SUMENEP (JURNALIS INDONESIA) – Dukungan terhadap pelestarian seni tradisional Madura kembali datang dari kalangan dunia usaha. DRT The Big Family Sumenep memberikan sponsorship kepada sejumlah grup musik tong-tong yang akan tampil dalam Festival Musik Tong-Tong Semadura di Kabupaten Sumenep, Sabtu (5/9/2026) malam.
Selain mendukung grup musik tong-tong asal Kecamatan Lenteng, Kabupaten Sumenep, DRT juga memberikan dukungan kepada Lanceng Keramat, kelompok seni tong-tong dari Kecamatan Pasean, Kabupaten Pamekasan.
Keikutsertaan kedua kelompok tersebut menjadi bagian dari perhelatan Festival Musik Tong-Tong Semadura yang digelar sebagai rangkaian Road to Karisma Event Nusantara (KEN) 2026.
Festival dijadwalkan mengambil rute dari kawasan depan RRI Sumenep atau Stadion A. Yani hingga garis finis di depan Rumah Dinas Bupati Sumenep.
Perhelatan tersebut tidak hanya menjadi ruang bagi para kelompok tong-tong untuk menunjukkan kemampuan bermusik dan kreativitas, tetapi juga menjadi sarana memperkenalkan kesenian tradisional Madura kepada masyarakat.
Panitia menyiapkan total hadiah sebesar Rp80 juta. Sejumlah penghargaan juga diperebutkan peserta, mulai dari Juara Umum, 10 Penyaji Terbaik, 10 Dekorasi Terbaik, 5 Aransemen Musik Terbaik, hingga 5 Penyaji Tari Terbaik.
Dalam festival tersebut, peserta diwajibkan membawakan lagu “Guwa Pajuddan” sebagai lagu wajib. Sementara untuk lagu pilihan, panitia menyediakan “Gelleng Soko”, “Potre Madhura”, dan “Pornama Eppengir Sering”.
Ketua Pelaksana Lanceng Keramat, Afif, menyampaikan apresiasi atas perhatian dan dukungan yang diberikan DRT Sumenep kepada kelompoknya.
Menurut Afif, keterlibatan pihak swasta dalam mendukung kelompok seni memiliki arti penting. Dukungan tersebut dinilai bukan sekadar bantuan pendanaan, tetapi juga menunjukkan kepedulian terhadap keberlangsungan budaya lokal.
“Kami mengucapkan terima kasih kepada DRT Sumenep yang telah memberikan dukungan kepada Lanceng Keramat.
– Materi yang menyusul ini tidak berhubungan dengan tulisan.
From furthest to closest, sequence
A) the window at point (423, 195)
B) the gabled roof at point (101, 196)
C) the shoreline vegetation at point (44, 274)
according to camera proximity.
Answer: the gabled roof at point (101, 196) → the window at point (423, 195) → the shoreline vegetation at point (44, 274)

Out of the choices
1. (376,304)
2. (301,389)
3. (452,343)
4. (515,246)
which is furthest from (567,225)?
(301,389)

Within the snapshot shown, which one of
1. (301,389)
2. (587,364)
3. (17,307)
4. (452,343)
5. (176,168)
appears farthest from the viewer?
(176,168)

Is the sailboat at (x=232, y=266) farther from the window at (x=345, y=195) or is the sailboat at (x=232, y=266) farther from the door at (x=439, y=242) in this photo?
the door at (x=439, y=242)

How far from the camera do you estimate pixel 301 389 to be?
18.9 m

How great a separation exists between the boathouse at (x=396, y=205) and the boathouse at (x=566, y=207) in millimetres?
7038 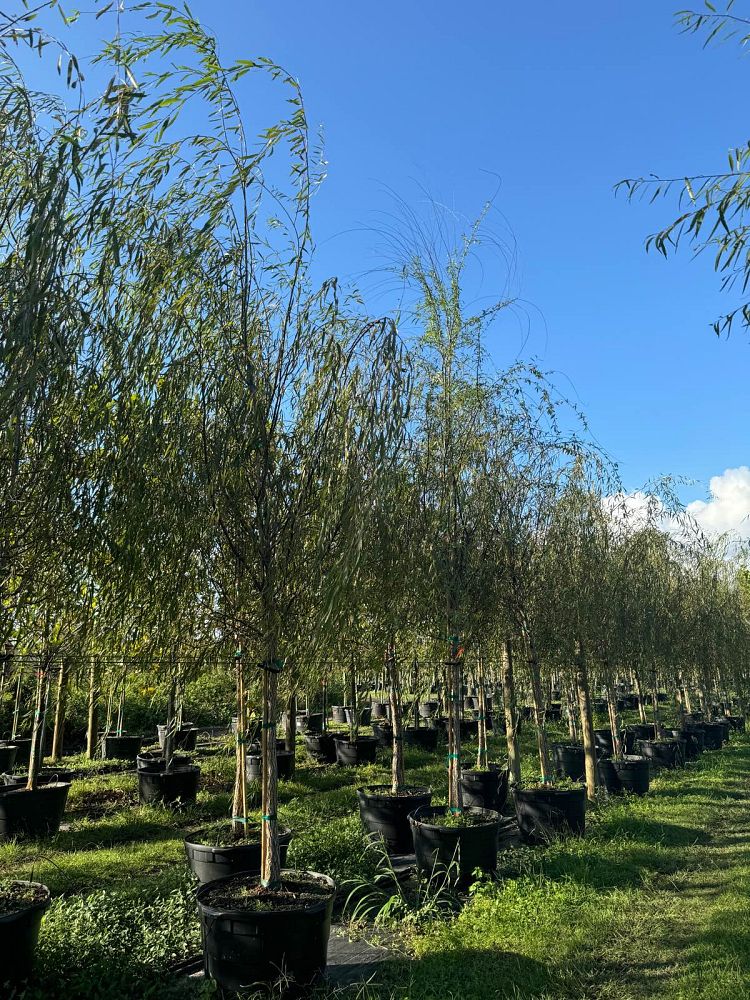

Bagi kami, dukungan ini bukan hanya soal sponsorship, tetapi juga bentuk kepedulian terhadap seni dan budaya Madura,” ujar Afif.
Ia berharap dukungan terhadap kelompok seni tradisional semakin luas sehingga para seniman memiliki ruang dan motivasi untuk terus berkarya.
Afif juga mengajak lebih banyak pihak untuk ikut mengambil bagian dalam menjaga kesenian Madura agar tidak tergerus perkembangan zaman.
“Kami berharap semakin banyak pihak yang peduli terhadap seni dan budaya Madura. Dengan dukungan bersama, para pelaku seni akan semakin bersemangat untuk berkarya dan melestarikan budaya yang menjadi identitas masyarakat Madura,” katanya.
Menurutnya, musik tong-tong memiliki peluang besar untuk dikembangkan menjadi salah satu kekuatan budaya daerah. Selain menghibur masyarakat, kesenian tersebut dapat menjadi media untuk memperkenalkan karakter dan kekayaan budaya Madura kepada khalayak yang lebih luas.
Berkumpulnya kelompok musik tong-tong dari berbagai wilayah Madura dalam satu festival juga dinilai menjadi momentum penting untuk memperkuat silaturahmi antarpelaku seni.
Melalui dukungan terhadap grup asal Lenteng dan Lanceng Keramat dari Pasean, DRT Sumenep turut mengambil bagian dalam upaya menjaga keberadaan musik tong-tong sebagai salah satu kesenian khas Madura.
Kolaborasi antara dunia usaha dan pelaku seni diharapkan dapat terus berkembang sehingga kegiatan kebudayaan tidak hanya menjadi hiburan, tetapi juga memberikan dampak positif terhadap pelestarian budaya dan kemajuan daerah.